Week 2

Question 1

Bioenergetics definition?

Answer 1

The flow and exchange of energy within a living system, primarily the conversion of foodstuffs (fats, proteins, carbohydrates) into usable energy for cellular work.

How this relates to performance - energy systems etc. Chemical > Mechanical

Question 2

Key Components of the Cell?

Answer 2

Cell Membrane (Sarcolemma): Semipermeable, separates the cell from its environment.
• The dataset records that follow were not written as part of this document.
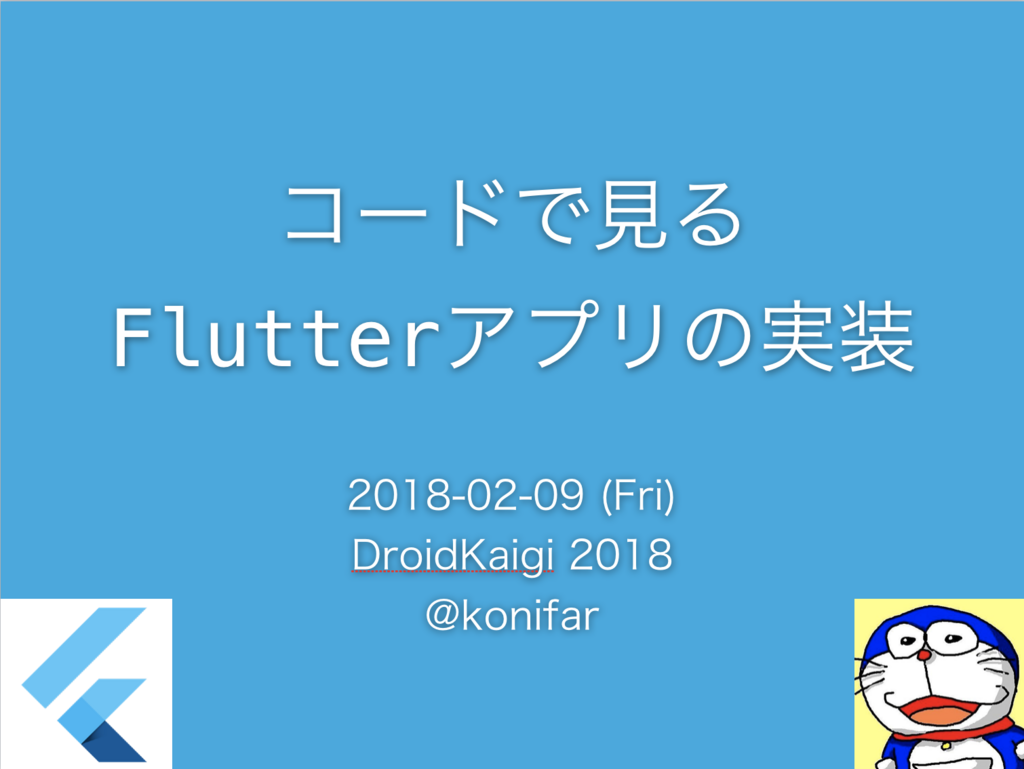 f:id:konifar:20180210110207p:plain f:id:konifar:20180210110207p:plain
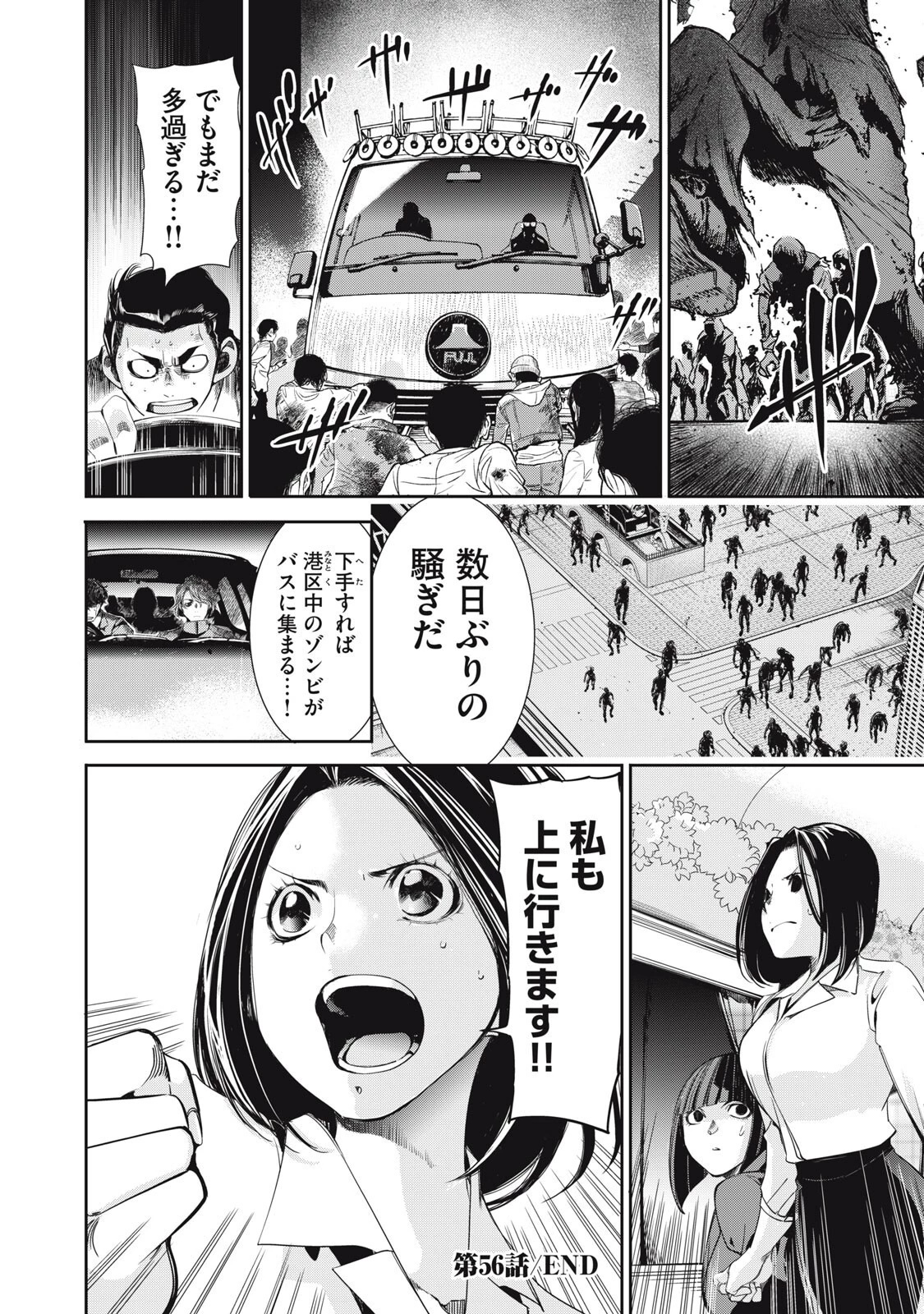 サラリーマンZ 第56話 - 18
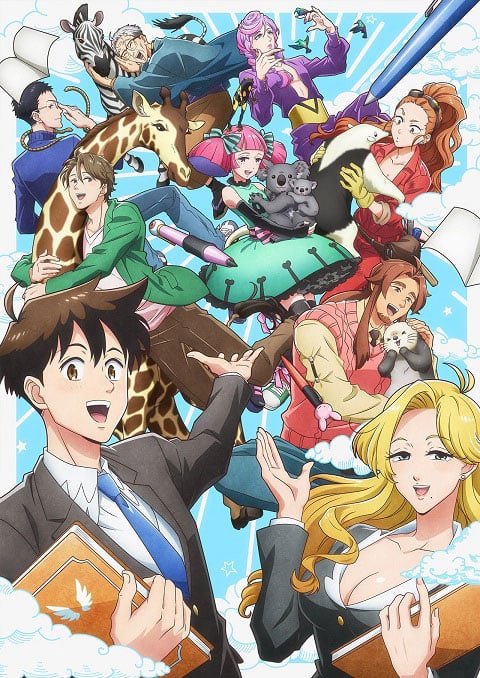 Tenchi Souzou Design-bu แผนกออกแบบสร้างสรรค์โลก ซับไทย [จบแล้ว]
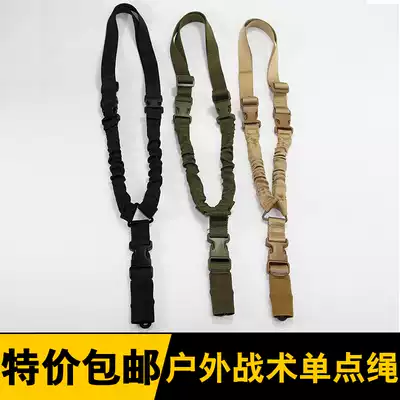 Outdoor multi-function nylon single and double-point mission tactical baby holding bag Real CS absorbent bullet gun rope military fan equipment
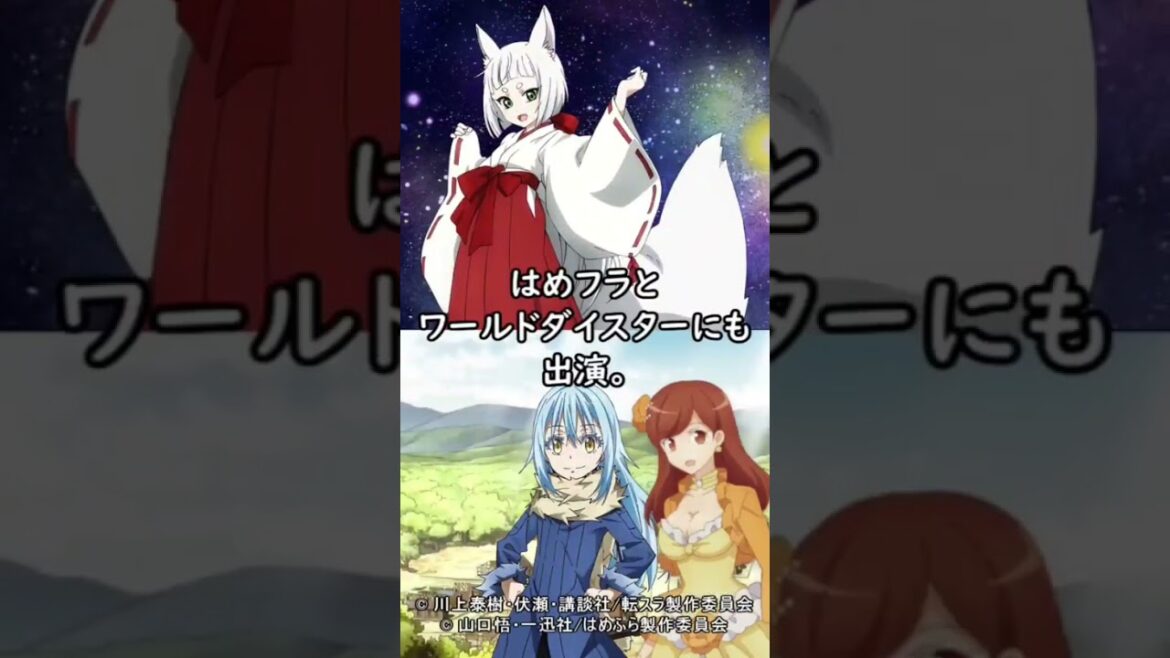 【2024年春アニメ】THE NEW GATEの声優さんは、こんなキャラクターを演じていた！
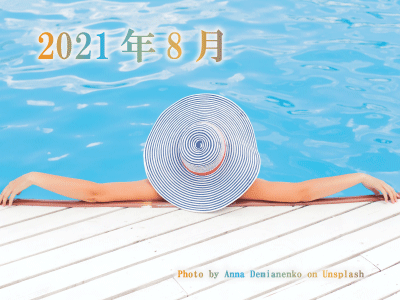 2021年8月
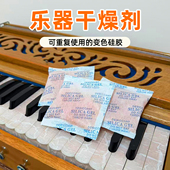干燥剂吉他钢琴乐器专用相机吧唧手办吸湿变色强力除湿防潮防霉包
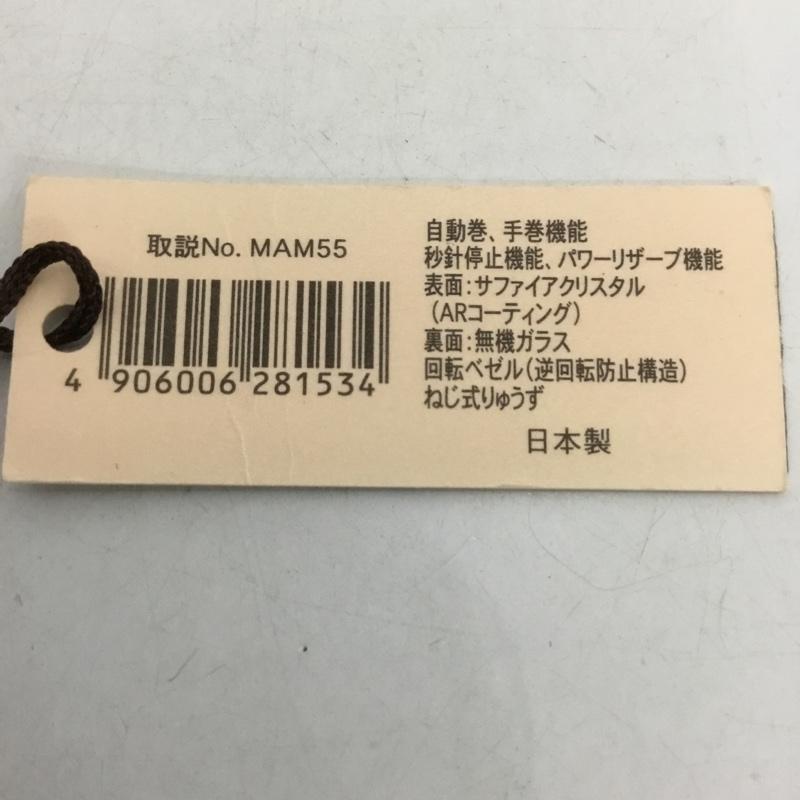 オリエントスター ORIENTSTAR 腕時計 アナログ（クォーツ式） RK-AT0103Y スポーツ セミスケルトン ロゴ、文字 茶 / ブラウン /  メンズ USED 古着 中古 10127470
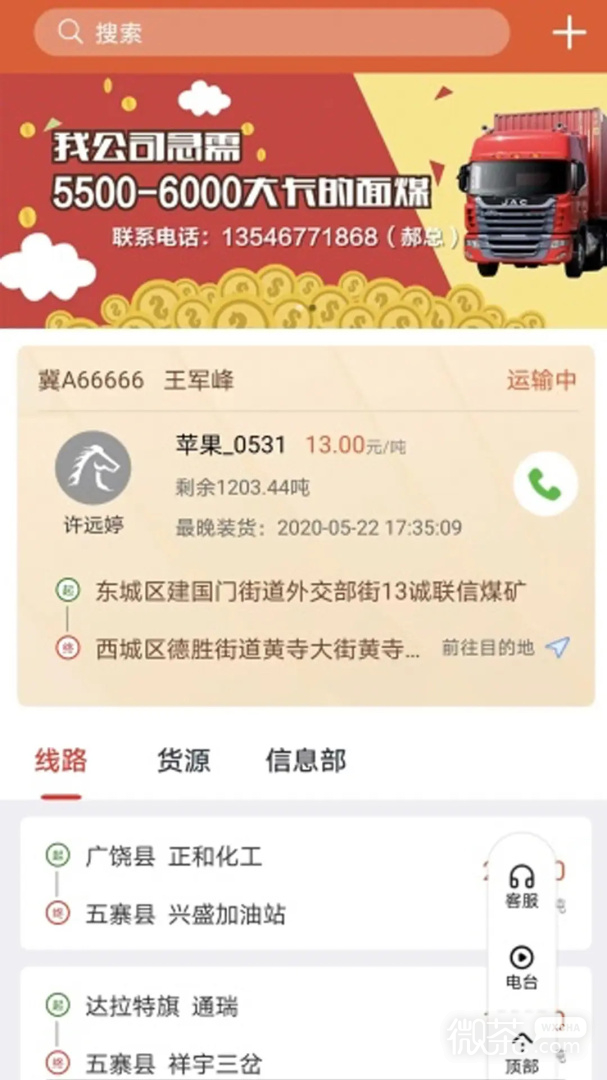 马上来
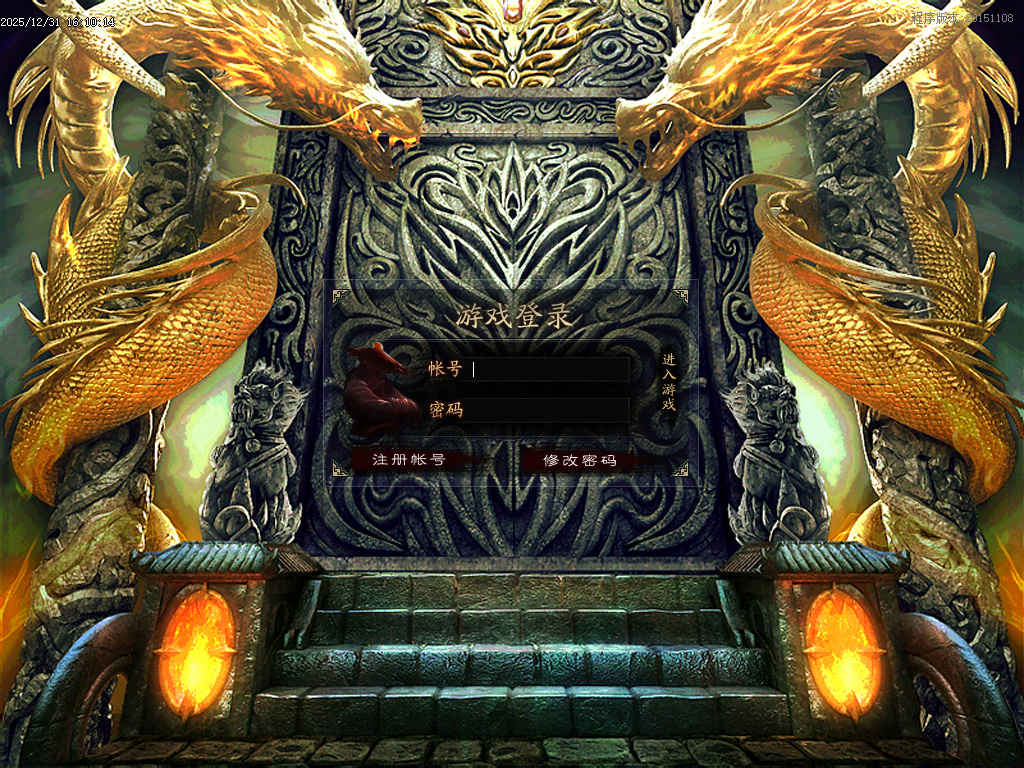 魔幻魂沌微变专属神器无限刀单职业-ESP插件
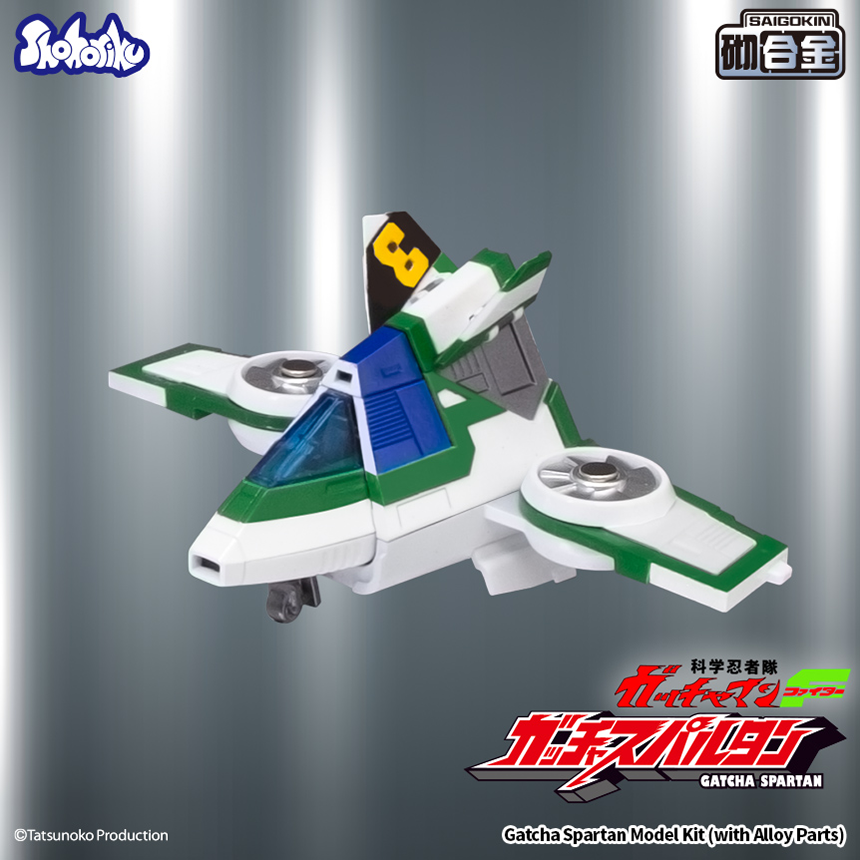 imgi_27_G320e.png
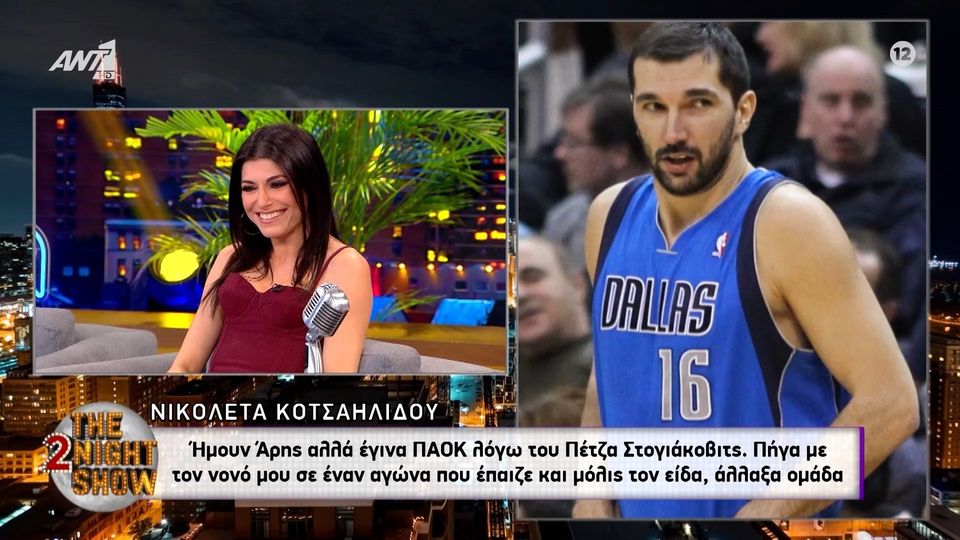 5 / 10: Νικολέτα Κοτσαηλίδου: Ήμουν Άρης αλλά έγινα ΠΑΟΚ λόγω του Πέτζα Στογιάκοβιτς. Πήγα με τον νονό μου σε έναν αγώνα που έπαιζε και μόλις τον είδα, άλλαξα ομάδα.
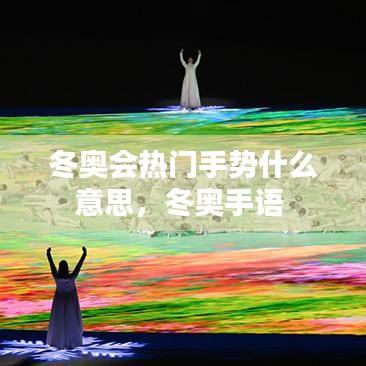 飞奇钩货 第3页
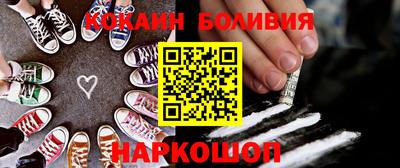 дистиллят марихуана Камышлов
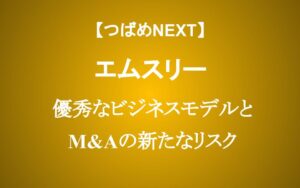 ピークから80%暴落の理由 エムスリーは買いか？良いシナリオ・悪いシナリオを考える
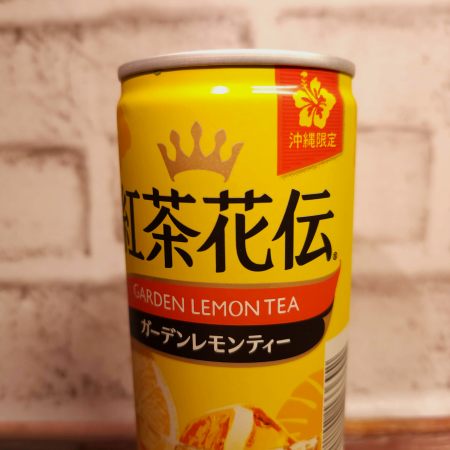 「紅茶花伝 ガーデンレモンティー 缶」の特徴に関する画像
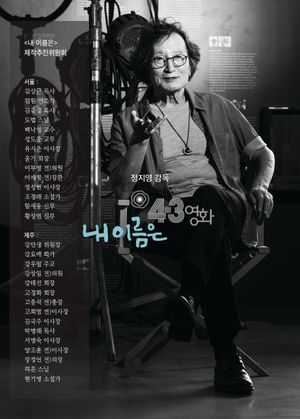 My Name is's poster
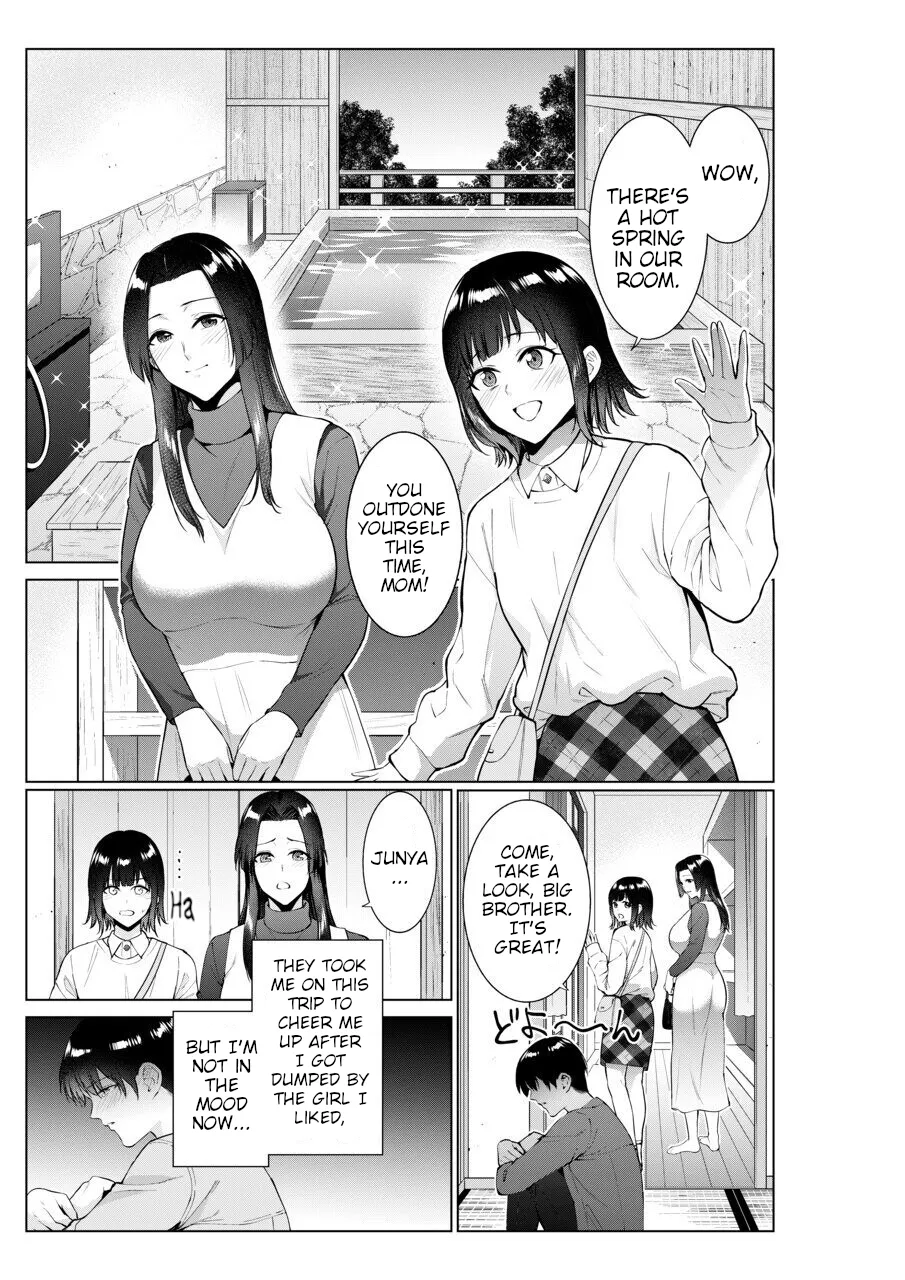 Sex with Mother and Sister at a Ryokan page 2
Nucleus: Houses genes for protein synthesis.

Cytoplasm (Sarcoplasm in muscle): Fluid portion containing organelles.

Mitochondria: Site of oxidative phosphorylation.

Question 3

Metabolism definition and types?

Answer 3

Sum of all chemical reactions in the body.

Anabolic Reactions: Synthesis of molecules (e.g., glucose stored as glycogen).

Catabolic Reactions: Breakdown of molecules (e.g., glycogen into glucose).

Question 4

Types of Reactions?

Answer 4

Endergonic: Require energy input to be added to reactants

Exergonic: Release energy.

Coupled Reactions: Energy from exergonic reactions drives endergonic reactions (e.g., ATP hydrolysis).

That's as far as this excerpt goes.